“ O nosso amor é tão bom / O horário é que nunca combina / Eu sou funcionário / Ela é dançarina / Quando pego o ponto / Ela termina”. É assim que Chico Buarque inicia a história que relata as diferentes rotinas vividas por um casal na música “Ela é dançarina”. Enquanto ele está desabando no colchão, ela está entrando em cena. Quando ele inicia seu expediente, ela abaixa a cortina.
A solução para os desencontros do casal encontrada por Chico é o funcionário público pedir uma licença e a dançarina tirar uns dias de folga para fazer um show particular. Em outras palavras, na música o descompasso é resolvido quando os dois abrem mão de seu mundinho particular. Cada um dá um tempo em sua trajetória individual para que o casal possa ter seu tempo junto.

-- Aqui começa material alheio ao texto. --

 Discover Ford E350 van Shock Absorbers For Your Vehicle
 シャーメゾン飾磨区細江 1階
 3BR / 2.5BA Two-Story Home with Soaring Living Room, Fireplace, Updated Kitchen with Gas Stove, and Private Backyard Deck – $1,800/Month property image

Chico Buarque é um mestre da língua. Ele brinca com os palavras e seus significados, criando jogos prazerosamente sonoros e, ao mesmo tempo, extremamente complexos. Quando ele traz a história do funcionário público e da dançarina, ele está falando de e para todos os casais. Mais do que isso, ele apresenta um dos maiores diletas presentes em qualquer tipo de relação entre duas ou mais pessoas: a difícil arte de ajustar os ponteiros do tempo individual e do tempo coletivo.
Vou aqui me usar de exemplo. Sou casado com a mesma mulher há 13 anos – algo incomum nas turmas que freqüento, mas este é um assunto para outro artigo. Ao longo desses anos todos em que estamos juntos, tivemos que aprender como nos encontrar em nossos diferentes ritmos.

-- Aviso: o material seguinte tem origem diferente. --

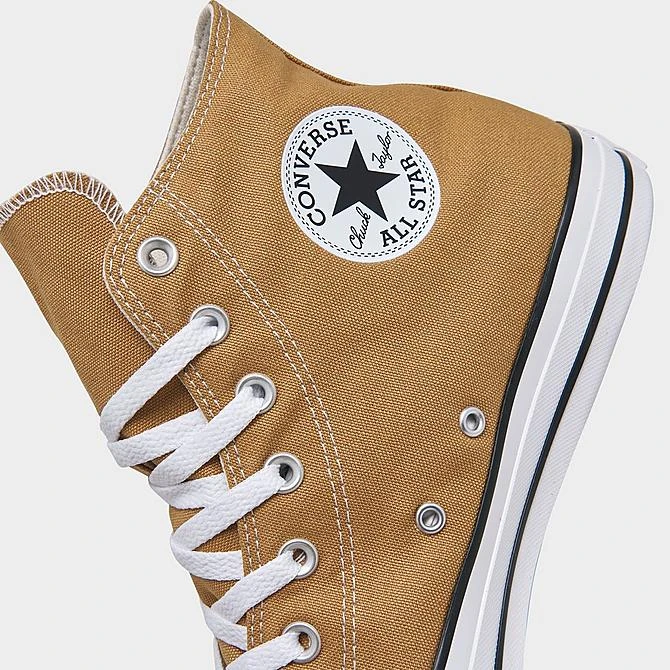 Men's Converse Chuck Taylor All Star Flames High Top Casual Shoes Burnt Honey - A02785F 226 5 Men's Converse Chuck Taylor All Star Flames High Top Casual Shoes Burnt Honey - A02785F 226 - Image 3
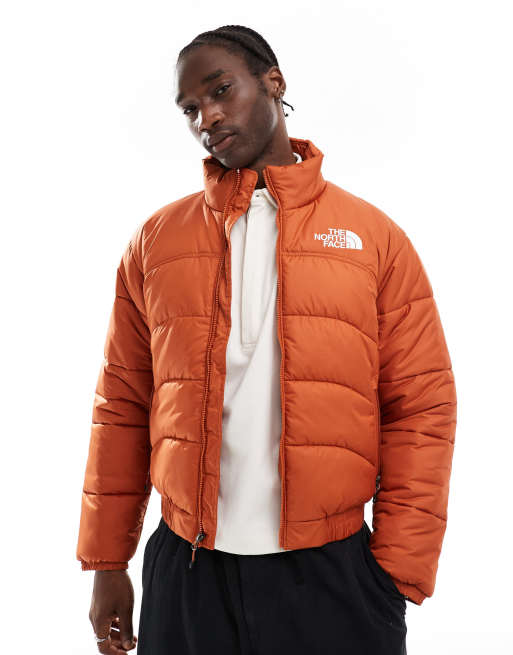 North face nuptse copper online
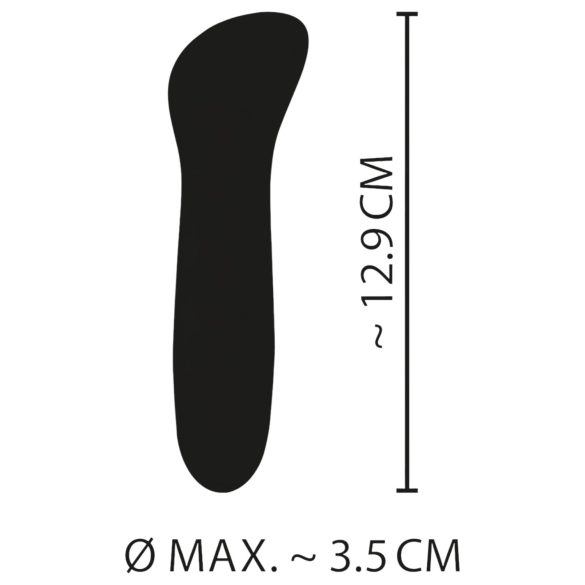 Cuties Mini Blue - vibratore punto G ricaricabile - turchese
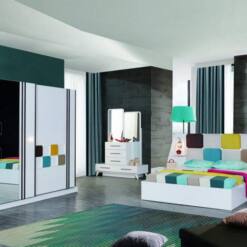 davenza home furniture karben white bedroom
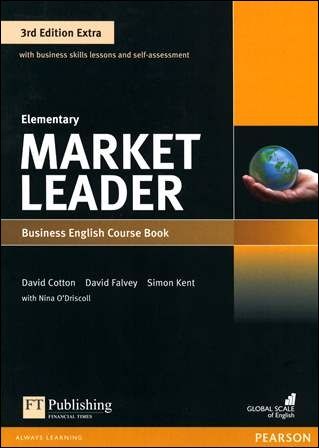Market Leader 3/e Extra (Elementary) Course Book with DVD-ROM/1片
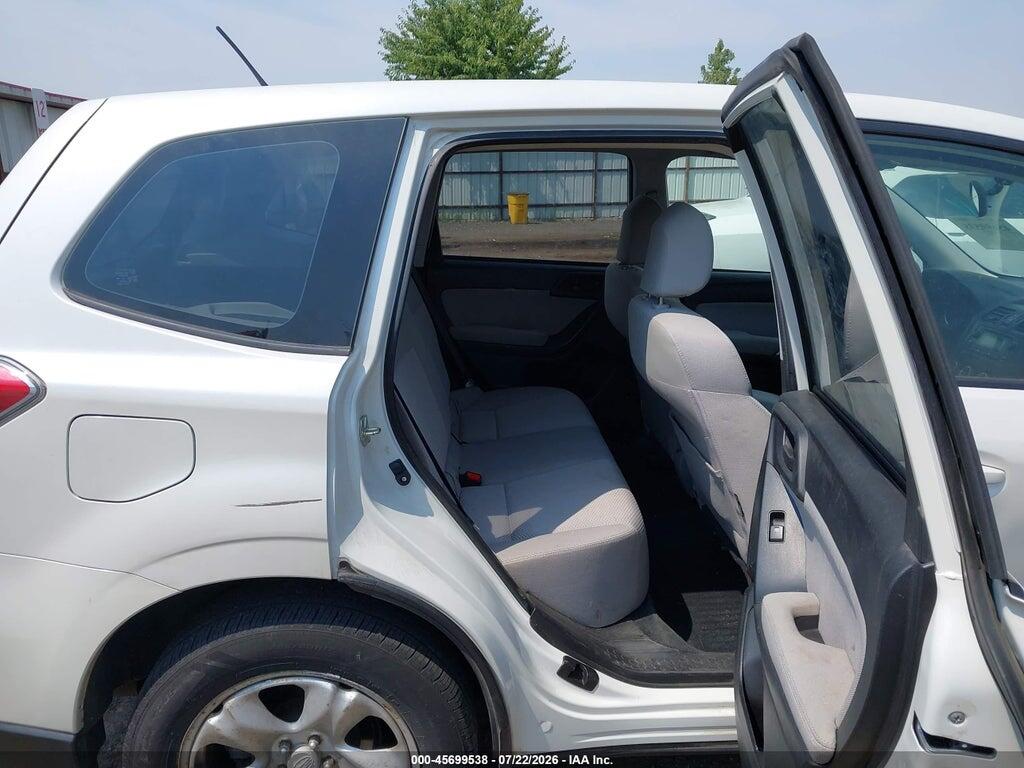 JF2SJAACXEH461110 2014 SUBARU FORESTER photo no. 8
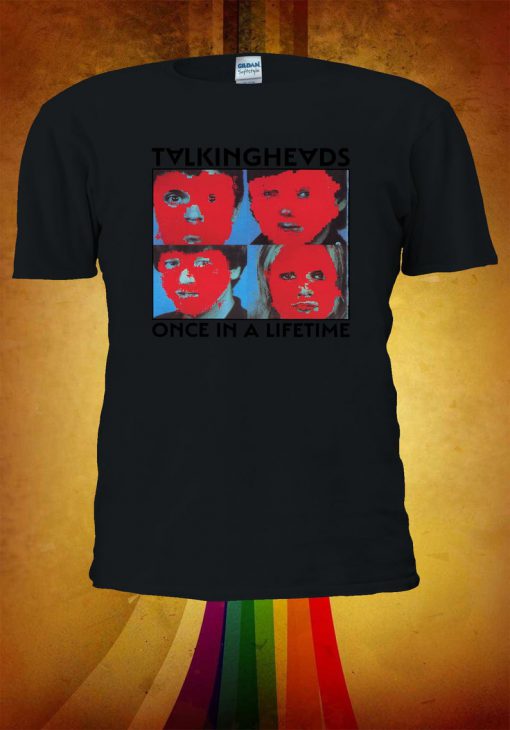 Talking Heads Once In Lifetime T-shirt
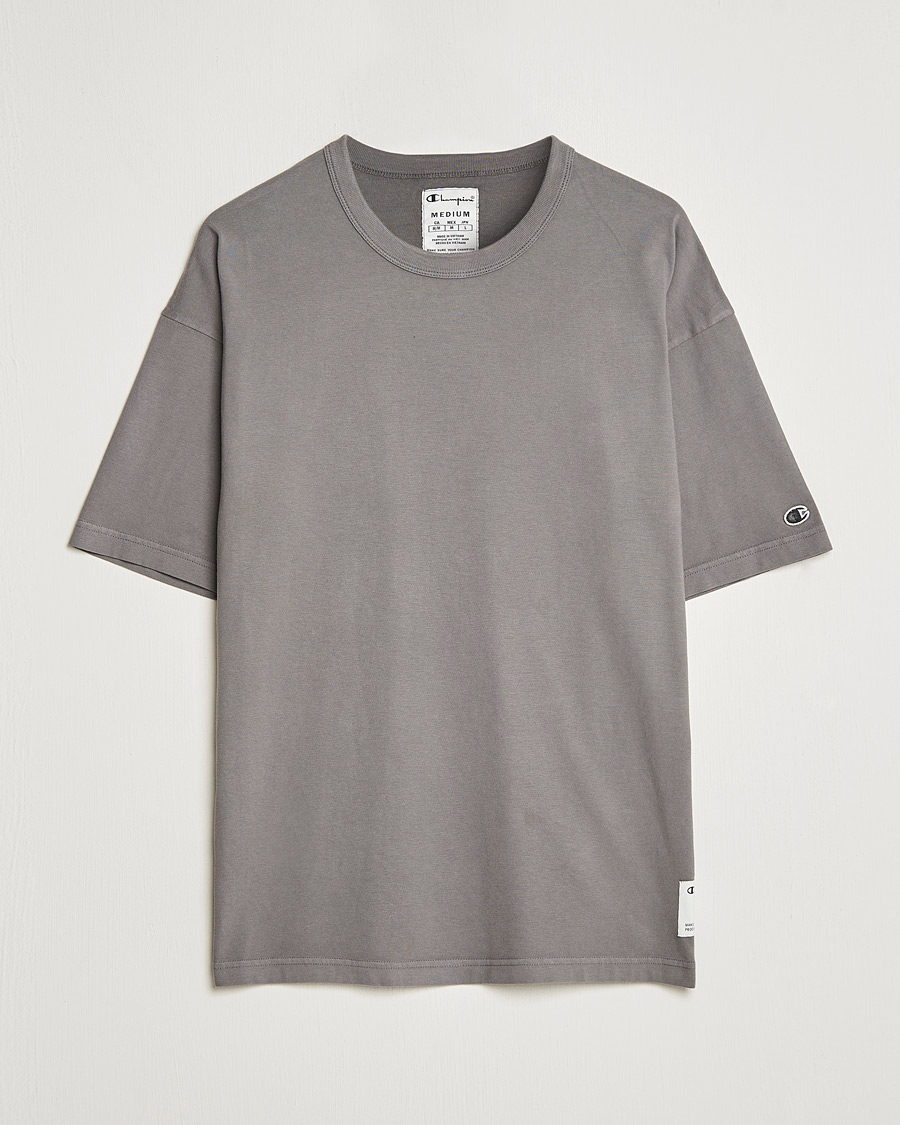 Mies | T-paidat | Champion | Heritage Garment Dyed T-Shirt Dark Grey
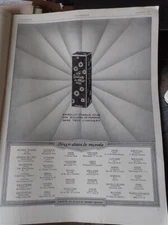 VELOUTY by DIXOR + EVERSHARP pen holder advertising paper ILLUSTRATION 1929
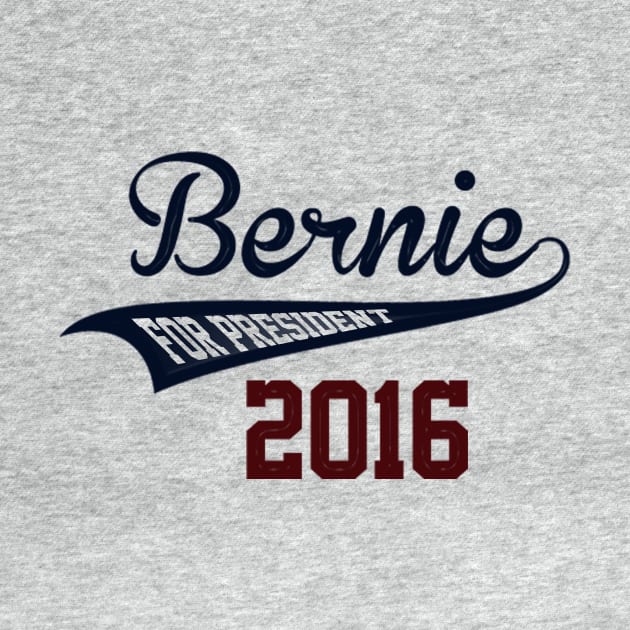 Bernie Sanders For President by ESDesign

Eu gosto de dormir tarde, ela vai pra cama cedo. Ela demora a acordar de manhã, eu já levanto acelerado. Cada um teve que ceder um pouco em seus hábitos e a gente acabou se encontrando em algum lugar entre os dois pontos.

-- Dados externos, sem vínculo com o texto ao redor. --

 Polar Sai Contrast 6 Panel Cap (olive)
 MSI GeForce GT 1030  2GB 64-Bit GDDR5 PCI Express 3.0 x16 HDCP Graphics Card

O mesmo se deu na relação com meu sócio. Estamos juntos há 14 anos – outro “casamento” longevo – e, apesar de reconhecermos um enorme conjunto de afinidades, profissionalmente ele só começa a funcionar após o meio-dia e eu já estou em meu pico máximo às 11h da manhã! Mais uma vez, cada um se moveu um pouco em direção ao outro, para que conseguíssemos equalizar nosso modo de funcionamento. Isso porque existe o meu modo de funcionar, o dele, e o nosso.
Qualquer relacionamento entre duas pessoas funciona assim. São sempre três a serem considerados: eu, você e nós. Esta é a base do sucesso dos relacionamentos e uma das principais razões de seu insucesso. Porque dar de ombros e simplesmente concluir que você funciona melhor de manhã e ela de noite não ajudará em nada, a não ser, claro, a vocês se separarem, buscando outros parceiros que tenham ritmos semelhantes.
Não tem jeito, podem falar o que for, mas quem gosta se adapta ao outro, o que significa dizer que, quando duas pessoas realmente se gostam, essa disposição de se adaptar ao outro é mútua, resultando numa permanente e positiva alternância de papéis entre quem concede e quem recebe. Por isso, ao invés do, às vezes, sacrificante e desagradável ato de abrir mão, as relações pautadas pela troca amorosa são mais lembradas pelo aprendizado e pelo crescimento com o outro, com a experiência que o movimento do outro provoca. Porque quando o outro se movimenta em nossa direção, aprendemos a ser gratos, e quando ele se movimenta para dentro si, respeitando seu próprio ritmo, aprendemos que há mais do que um jeito certo de fazer as coisas.